En su Biblioteca personal (artículo “Oscar Wilde ”), Jorge Luis Borges observa que Robert Louis Stevenson observa que “la virtud sin la cual todas las demás son inútiles es el encanto”: el encanto, la gracia, el ángel, el duende; o sea, ese plus –como tan bien nos expresamos los cursis cuando buscamos en el latín lo que no falta en el castellano.
Pese a todo, no es fácil definir el encanto. Lo tenía el poeta asesinado Federico García Lorca; y, cierta vez, quizá para definir “el duende”, lo recordó su amigo y también aedo Jorge Guillén (autoexiliado de España para que los franquistas no lo exiliasen a él también de la vida).

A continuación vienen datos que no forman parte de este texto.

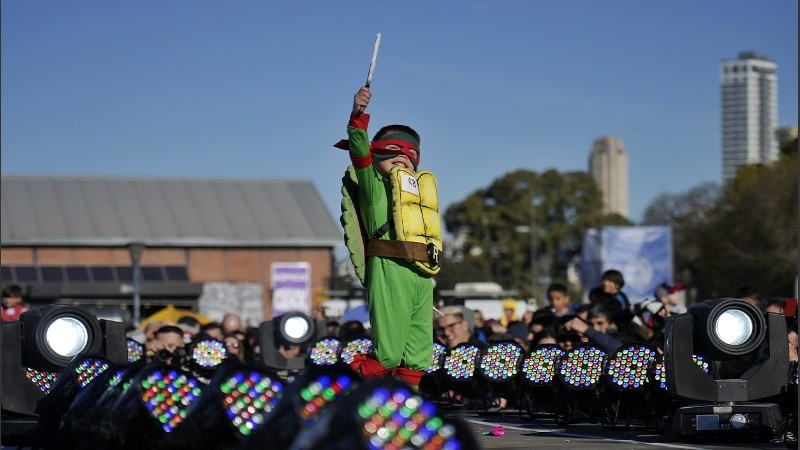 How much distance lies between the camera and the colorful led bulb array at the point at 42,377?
438 inches

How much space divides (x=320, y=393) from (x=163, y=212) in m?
68.5

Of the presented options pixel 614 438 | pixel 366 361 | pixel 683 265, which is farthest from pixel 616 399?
pixel 683 265

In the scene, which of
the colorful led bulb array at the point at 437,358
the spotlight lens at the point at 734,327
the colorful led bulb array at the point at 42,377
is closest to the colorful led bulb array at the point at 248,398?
the spotlight lens at the point at 734,327

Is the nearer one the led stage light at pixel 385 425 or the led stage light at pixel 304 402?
the led stage light at pixel 385 425

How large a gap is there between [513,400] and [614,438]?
12.1 feet

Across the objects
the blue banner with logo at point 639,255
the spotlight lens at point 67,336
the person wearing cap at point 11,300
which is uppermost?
the blue banner with logo at point 639,255

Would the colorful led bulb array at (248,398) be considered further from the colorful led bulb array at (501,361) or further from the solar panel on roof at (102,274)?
the solar panel on roof at (102,274)

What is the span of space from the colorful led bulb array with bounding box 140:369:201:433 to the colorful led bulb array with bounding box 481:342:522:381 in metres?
7.44

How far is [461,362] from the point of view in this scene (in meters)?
15.3

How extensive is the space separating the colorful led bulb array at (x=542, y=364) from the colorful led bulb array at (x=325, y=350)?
17.1ft

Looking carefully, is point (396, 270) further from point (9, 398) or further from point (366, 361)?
point (9, 398)

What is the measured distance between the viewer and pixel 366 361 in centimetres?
1023

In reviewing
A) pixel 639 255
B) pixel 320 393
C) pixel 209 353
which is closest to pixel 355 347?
A: pixel 209 353

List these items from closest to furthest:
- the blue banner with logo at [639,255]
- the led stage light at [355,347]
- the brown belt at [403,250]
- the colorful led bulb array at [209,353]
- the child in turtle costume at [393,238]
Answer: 1. the child in turtle costume at [393,238]
2. the brown belt at [403,250]
3. the led stage light at [355,347]
4. the colorful led bulb array at [209,353]
5. the blue banner with logo at [639,255] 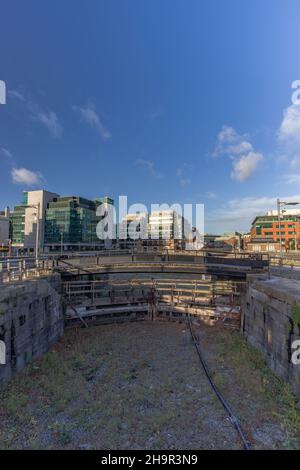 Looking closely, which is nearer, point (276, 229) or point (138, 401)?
point (138, 401)

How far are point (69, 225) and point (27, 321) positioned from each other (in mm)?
98852

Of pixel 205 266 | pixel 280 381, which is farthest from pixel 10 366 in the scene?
pixel 205 266

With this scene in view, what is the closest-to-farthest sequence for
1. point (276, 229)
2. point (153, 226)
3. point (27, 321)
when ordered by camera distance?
1. point (27, 321)
2. point (276, 229)
3. point (153, 226)

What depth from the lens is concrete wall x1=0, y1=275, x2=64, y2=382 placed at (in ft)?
31.6

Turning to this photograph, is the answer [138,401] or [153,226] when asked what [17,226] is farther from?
[138,401]

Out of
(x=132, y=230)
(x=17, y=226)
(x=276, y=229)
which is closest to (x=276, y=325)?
(x=276, y=229)

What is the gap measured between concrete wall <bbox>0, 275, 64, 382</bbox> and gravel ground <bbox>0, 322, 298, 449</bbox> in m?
0.66

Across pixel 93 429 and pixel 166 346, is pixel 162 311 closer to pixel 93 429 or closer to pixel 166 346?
pixel 166 346

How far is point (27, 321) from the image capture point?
11203 mm

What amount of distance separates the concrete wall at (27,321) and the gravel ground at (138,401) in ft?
2.16

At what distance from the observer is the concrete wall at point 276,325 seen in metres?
8.95

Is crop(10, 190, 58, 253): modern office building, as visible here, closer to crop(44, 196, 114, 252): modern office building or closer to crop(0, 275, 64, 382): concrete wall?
crop(44, 196, 114, 252): modern office building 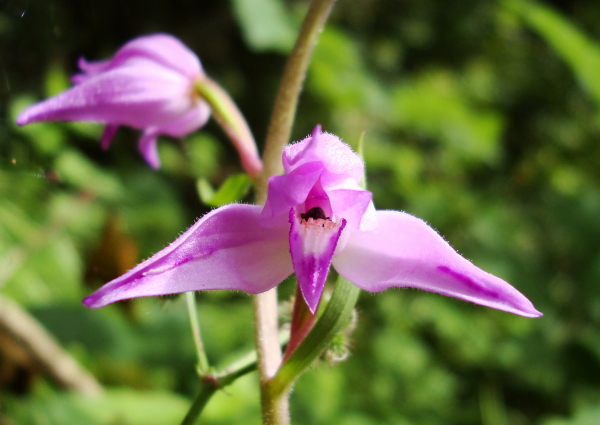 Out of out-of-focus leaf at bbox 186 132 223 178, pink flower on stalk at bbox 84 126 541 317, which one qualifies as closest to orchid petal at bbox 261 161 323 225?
pink flower on stalk at bbox 84 126 541 317

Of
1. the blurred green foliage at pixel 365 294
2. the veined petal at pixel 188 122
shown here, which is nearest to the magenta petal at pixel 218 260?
the veined petal at pixel 188 122

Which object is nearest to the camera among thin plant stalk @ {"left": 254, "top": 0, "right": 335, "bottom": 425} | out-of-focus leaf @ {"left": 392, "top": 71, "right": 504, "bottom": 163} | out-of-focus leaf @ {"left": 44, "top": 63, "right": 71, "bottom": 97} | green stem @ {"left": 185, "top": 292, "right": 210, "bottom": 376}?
thin plant stalk @ {"left": 254, "top": 0, "right": 335, "bottom": 425}

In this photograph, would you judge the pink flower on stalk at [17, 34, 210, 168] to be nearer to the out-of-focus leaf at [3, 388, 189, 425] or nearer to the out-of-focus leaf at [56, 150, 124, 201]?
the out-of-focus leaf at [3, 388, 189, 425]

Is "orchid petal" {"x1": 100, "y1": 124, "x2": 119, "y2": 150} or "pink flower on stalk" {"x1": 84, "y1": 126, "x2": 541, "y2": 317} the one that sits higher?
"pink flower on stalk" {"x1": 84, "y1": 126, "x2": 541, "y2": 317}

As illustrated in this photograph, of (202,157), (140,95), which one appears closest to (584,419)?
(140,95)

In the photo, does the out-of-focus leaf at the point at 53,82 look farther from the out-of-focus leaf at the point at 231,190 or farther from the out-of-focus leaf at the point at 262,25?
the out-of-focus leaf at the point at 231,190

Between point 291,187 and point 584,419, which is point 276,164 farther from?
point 584,419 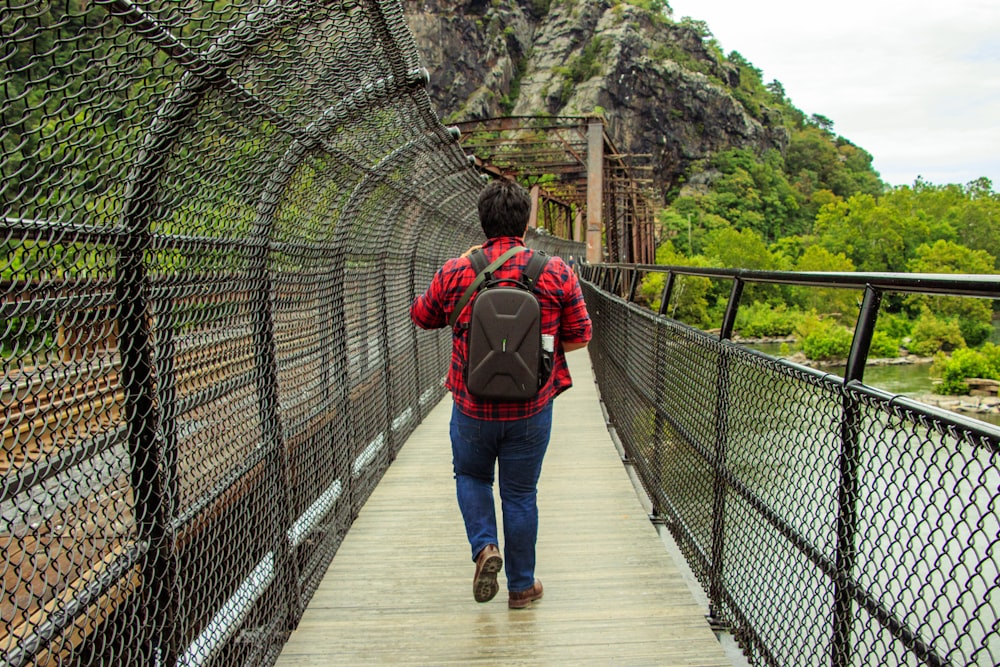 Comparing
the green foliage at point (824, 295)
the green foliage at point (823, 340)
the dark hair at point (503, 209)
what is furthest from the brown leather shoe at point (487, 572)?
the green foliage at point (824, 295)

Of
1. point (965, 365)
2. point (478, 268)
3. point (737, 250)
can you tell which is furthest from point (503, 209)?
point (737, 250)

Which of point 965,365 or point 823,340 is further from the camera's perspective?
point 823,340

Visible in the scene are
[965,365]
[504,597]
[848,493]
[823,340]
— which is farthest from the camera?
[823,340]

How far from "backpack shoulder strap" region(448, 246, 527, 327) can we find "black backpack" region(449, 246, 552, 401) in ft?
0.26

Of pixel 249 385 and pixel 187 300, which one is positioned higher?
pixel 187 300

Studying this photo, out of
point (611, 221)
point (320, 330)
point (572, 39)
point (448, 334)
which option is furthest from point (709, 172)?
point (320, 330)

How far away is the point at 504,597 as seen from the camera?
11.1ft

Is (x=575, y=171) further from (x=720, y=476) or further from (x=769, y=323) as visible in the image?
(x=769, y=323)

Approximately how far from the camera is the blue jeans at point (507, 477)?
2961mm

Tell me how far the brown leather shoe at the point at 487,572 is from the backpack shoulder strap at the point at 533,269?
1103 millimetres

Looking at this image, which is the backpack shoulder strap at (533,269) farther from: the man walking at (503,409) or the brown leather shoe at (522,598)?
the brown leather shoe at (522,598)

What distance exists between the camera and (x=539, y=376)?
2.81m

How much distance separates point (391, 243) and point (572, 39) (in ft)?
272

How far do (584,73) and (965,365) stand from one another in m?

Jorge Guillén decía: cuando entraba García Lorca, “entonces no hacía frío de invierno ni calor de verano: hacía' Federico”.
Se nace o no se nace con encanto. Tal vez este sea lo que hoy nos llaman “inteligencia emocional”, pero en el estado salvaje de la inocencia. La inteligencia emocional es la gracia natural de ponerse en el lugar del otro, aunque haya ciertos otros en los que no nos convertiríamos ni por gracia natural.
Si Plutarco se hubiese dado el tiempo de unos siglos, habría escrito otras dos “vidas paralelas”: la de Pedro Infante y la de Javier Solís. Ambos cursaron infancias de angustia y juventudes de trabajo; los dos alcanzaron el éxito y murieron pronto, en el esplendor de su arte. Empero, se diferenciaron al menos en dos puntos: la voz y el duende.
La voz absoluta de Javier Solís se impone sobre la tenue voz de confidencia de Pedro Infante. En cambio, Javier fue solo un actor pasable entre dos canciones. Cuando le tocaba actuar, Javier Solís era como los gobiernos: hacía lo que podía.
Por el contrario, Pedro era la gracia con sonrisas lanzadas entre balazos de juguete. Luminoso por dentro cual Siddharta ranchero, Pedro Infante plateaba las modestas pantallas de los cines de barrio.
Pedro Infante tuvo duende y, por tanto, se hizo querer; pero no es la única forma de lograrlo. Hay otras maneras, sin espectáculo, sin arco iris. Otro modo de hacerse querer es cultivar la mesura generosa de quien trabaja a fondo y en silencio para celebrar la amistad de los países y la difusión de sus artes.
Hoy, de madrugada, Pedro González Olvera ha vuelto a su país después de haber dirigido el Instituto de México en Costa Rica durante seis años. Es bueno que los costarricenses pensemos en cuánto debemos a personas como Pedro González Olvera y a un país como México, pendientes de dar, no de recibir.
No todas las maneras de lograr la gratitud son las mismas; hay muchas formas de hacerse querer.